CHRONIQUE / REVIEW
Syberia
Quan tot s'apagui

Releases information
Release date:
January 30, 2026
Format:
Digital, CD
Label:
From:
Silent Pendulum Records & Moment Of Collapse Records
Espagne / Spain
Alain Massard - January 2026
8,4
Google translation options below french text
SYBERIA groupe instrumental de post-rock, post-métal, fusion de sonorités lourdes, envahissantes, explosives. Des atmosphères oppressantes, tribales, animales pour ce 5e opus envoûtant fait de murs sonores sombres dans lesquels les relents progressifs se font au travers des crescendo enivrés. Un album sur la fin du monde et le vide derrière, avec SYBERIA le nom reflétant cette musique intense, chaleureuse et invitant au rêve.
« En la foscor una llum que brilla » entame glauque, austère suivie du déferlement typé, intense, faisant cligner des yeux. La batterie claque, le riff égrène les ondes en prenant les tripes, le clavier au loin amenant fraîcheur et harmonie dantesque. Le break ambiant post-rock avant le final apoplectique, doom, explosif. « llampecs d’oblit d’uns records en vida » avec les pads agressifs, les guitares dressant des murs sonores à grand coups de réverbération.
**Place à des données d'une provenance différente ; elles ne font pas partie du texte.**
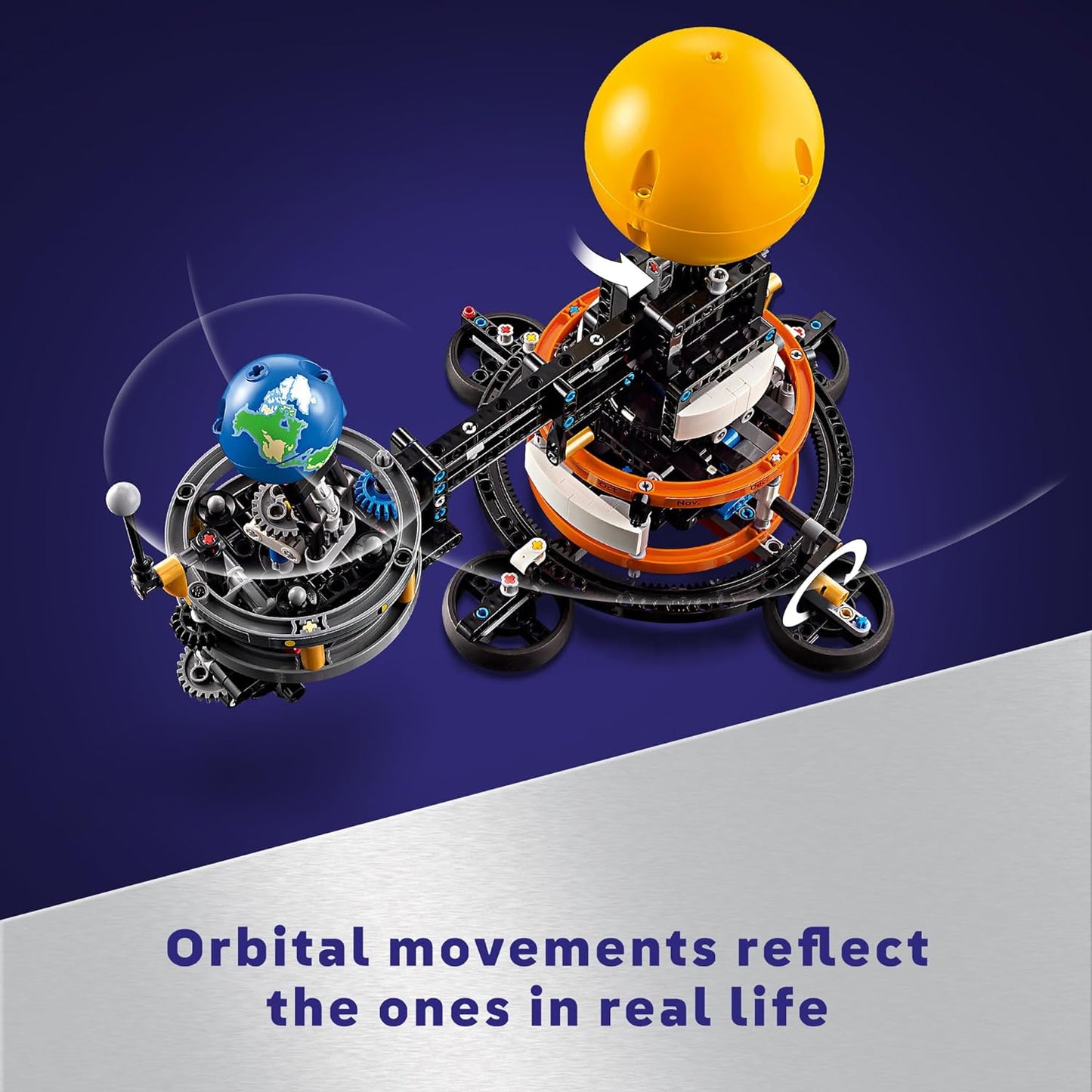 LEGO Technic Planet Earth and Moon in Orbit Building Set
L’aura épileptique se dessine avec ce battement irrépressible amplifiant l’angoisse dominante dans laquelle languit le développement progressiste extrême. Un titre groovy, compulsif et explosif; la voix-off sur ‘j‘ai fait un rêve’ rejoint la batterie cyclothymique. « Naixença d’una mort tranquil·la » reprend en continuant à saturer l’air; il faut cette dérive pour entrapercevoir le rythme ambiant progressif avec ce synthé spatial. La reprise n’en est que plus forte permettant de sortir de la noirceur en visualisant une plaine grise, presque colorée, comme le phénix ayant compris son destin funèbre; outro synthé sombre à nouveau.
« Dins la meva ànima la sang em bull… » littéralement ‘le sang bouillonne dans mon âme’ se décline en trompette martiale sur un lit de cadavres. Un mur de guitares olympiennes avec le crescendo désormais familier, un air solennel, majestueux, gonflant, doux et aiguisé, amène avec ce riff la délivrance post finale éblouissante. Une musique paradoxale avec la batterie survoltée telle une furie, enchaînant sur « Quan me’n vagi no em tanqueu els ulls » avec le ressac brumeux de bord de mer, l’acoustique guitare éclairant la côte. Le redémarrage frénétique, Manel abusant de ses fûts en amenant le son plus haut et évitant la noyade. Le riff en mode exutoire avant la tempête sonore puis l’outro ambiant au synthé solennel introduit en final la narration catalane méditative.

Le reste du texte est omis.